Until recent events, we felt the actions we'd been taking positioned us for a bright future. Just a year ago, after we reached transformational agreements with our unions, industry analysts were forecasting a positive GM turnaround. We had adequate cash on hand to continue our restructuring even under relatively conservative industry sales volume assumptions. Unfortunately, along with all Americans, we were hit by a "perfect storm." Over the past year we have all faced volatile energy prices, the collapse of the U.S. housing market, failing financial institutions, a stock market crash and the complete freezing of credit. We are in the midst of the worst economic crisis since the Great Depression. Just like you, we have been severely impacted by events outside our control. U.S. auto industry sales have fallen to their lowest per capita rate in half a century. Despite moving quickly to reduce our planned spending by over $20 billion, GM finds itself precariously and frighteningly close to running out of cash.
This is why we need to borrow money from U.S. taxpayers. If we run out of cash, we will be unable to pay our bills, sustain our operations and invest in advanced technology.
A collapse of GM and the domestic auto industry will accelerate the downward spiral of an already anemic U.S. economy. This will be devastating to all Americans, not just GM stakeholders, because it would put millions of jobs at risk and deepen our recession. By lending GM money, you will provide us with a financial bridge until the U.S. economy and auto sales return to modestly healthy levels. This will allow us to keep operating and complete our restructuring.
We submitted a plan to Congress Dec. 2, 2008, detailing our commitments to ensure our viability, strengthen our competitiveness, and deliver energy-efficient products. Specifically, we are committed to:
- produce automobiles you want to buy and are excited to own
- lead the reinvention of the automobile based on promising new technology
- focus on our core brands to consistently deliver on their promises
- streamline our dealer network to ensure the best sales and service
- ensure sacrifices are shared by all GM stakeholders
- meet appropriate standards for executive pay and corporate governance
- work with our unions to quickly realize competitive wages and benefits
- reduce U.S. dependence on imported oil
- protect our environment
- pay you back the entire loan with appropriate oversight and returns
These actions, combined with a modest rebound of the U.S. economy, should allow us to begin repaying you in 2011.
In summary, our plan is designed to provide a secure return on your investment in GM's future.

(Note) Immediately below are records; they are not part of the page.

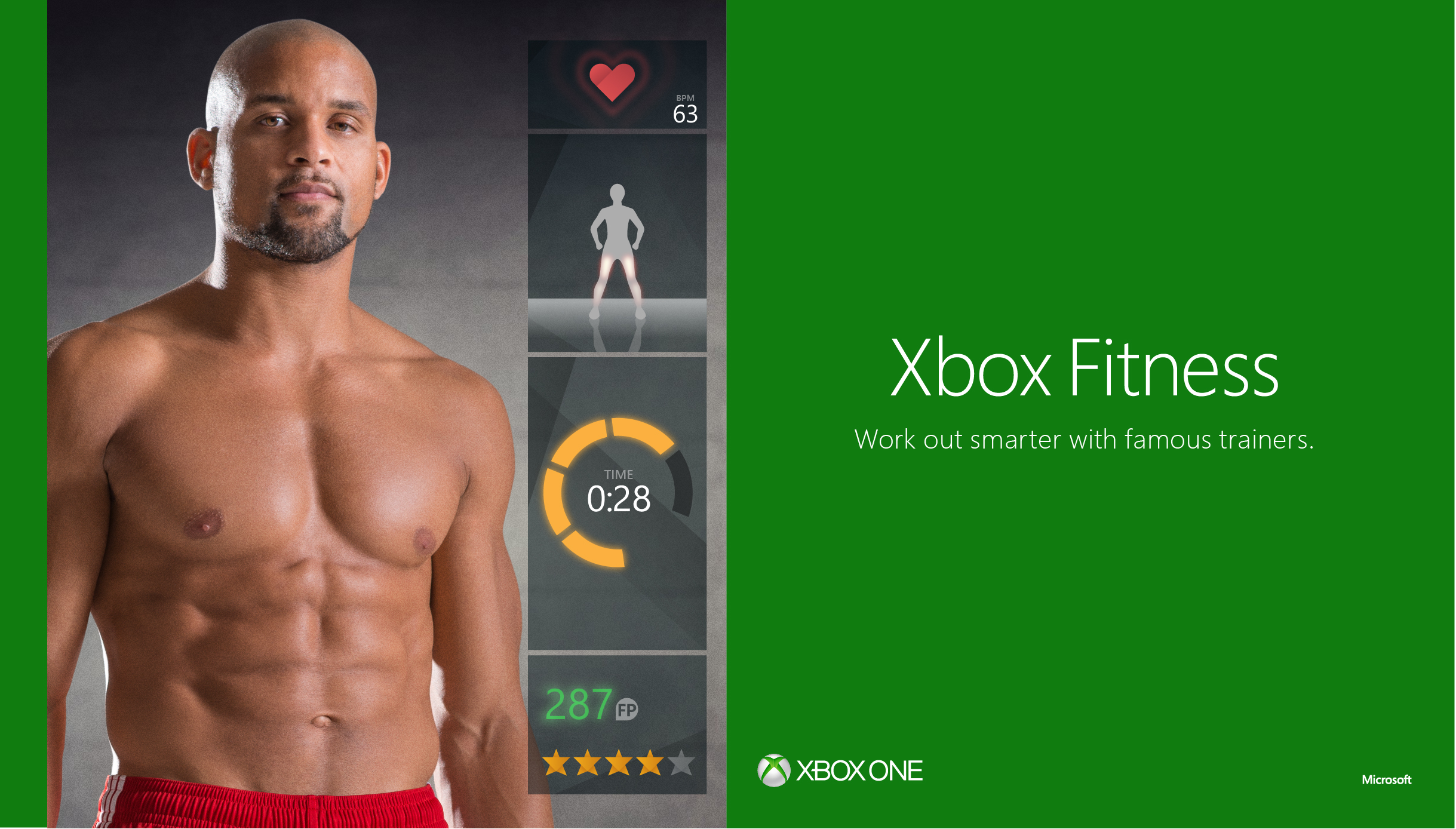Xbox Fitness has you working out with famous trainers, free with Xbox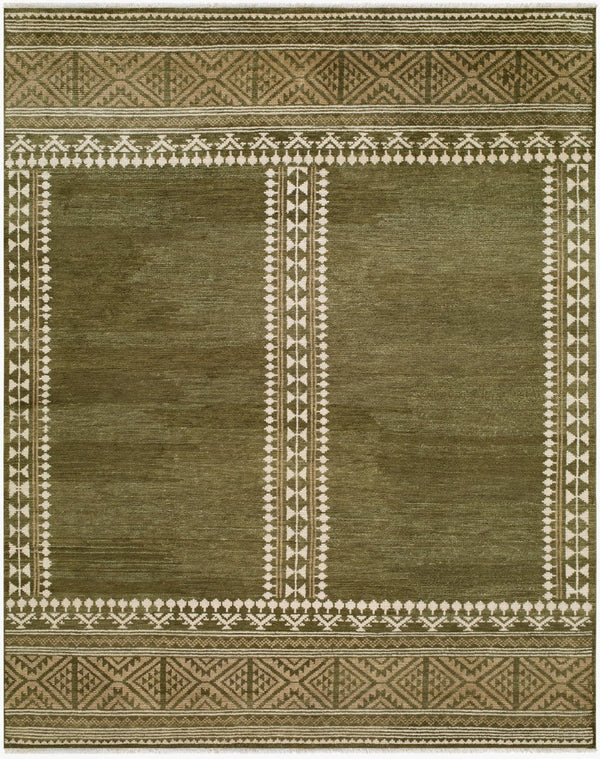 Surya Riviera Bohemian Wool Area Rug Hand Knotted in India with Fringe for Large Rooms 8' x 10' Rectangle RIV2311-810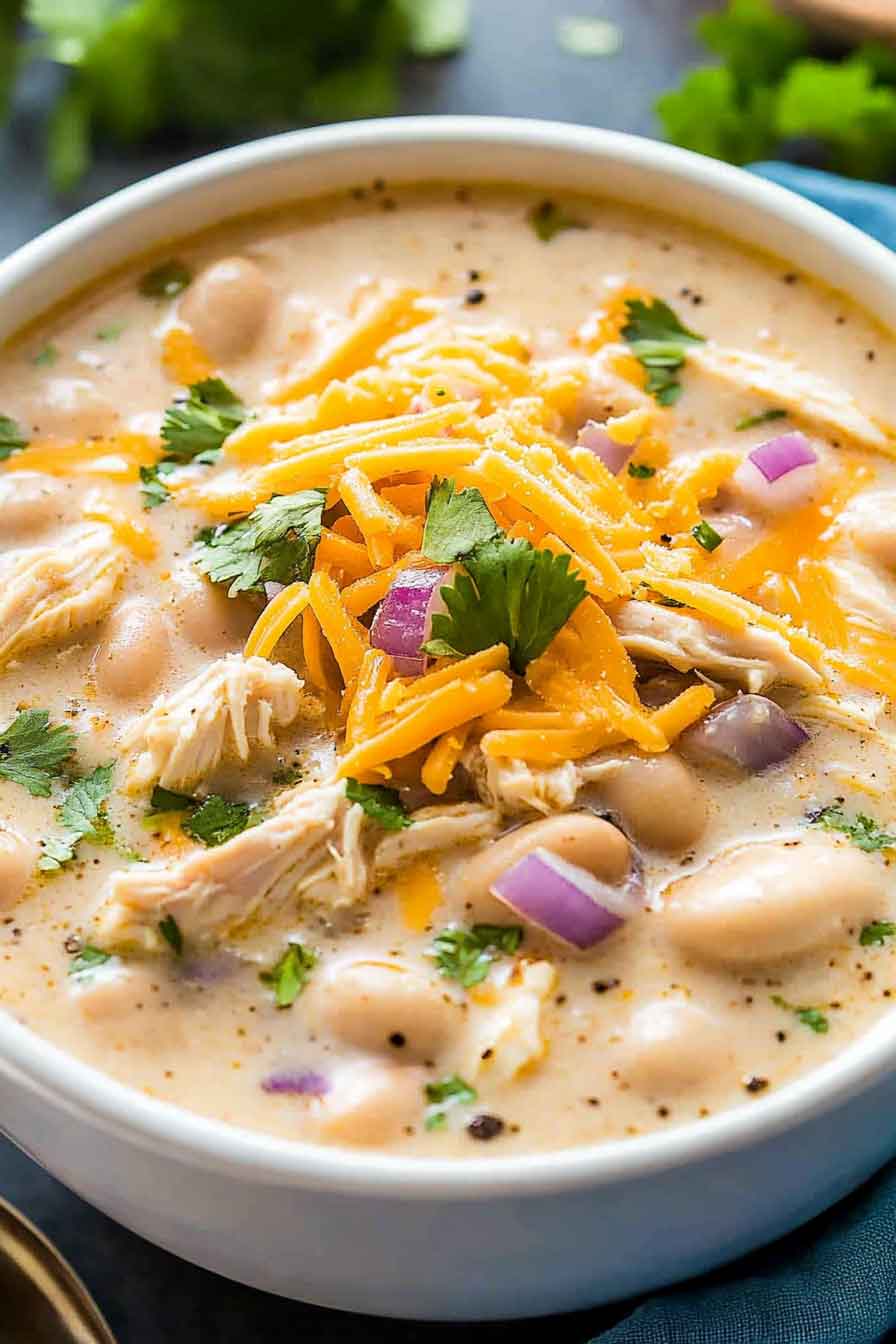 Creamy White Chicken Chili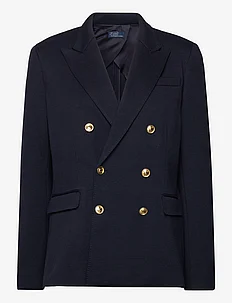 Knit Double-Breasted Blazer, Polo Ralph Lauren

We accept the conditions of your loan, the commitments of our plan, and the results needed to transform our business for long-term success. We will contribute to strengthening U.S. energy and environmental security. We will contribute to America's technical and manufacturing know-how and create high quality jobs for the "new economy." And, we will continue to deliver personal mobility freedom to Americans using the most advanced transportation solutions. We are proud of our century of contribution to U.S. prosperity and look forward to making an equally meaningful contribution during our next 100 years.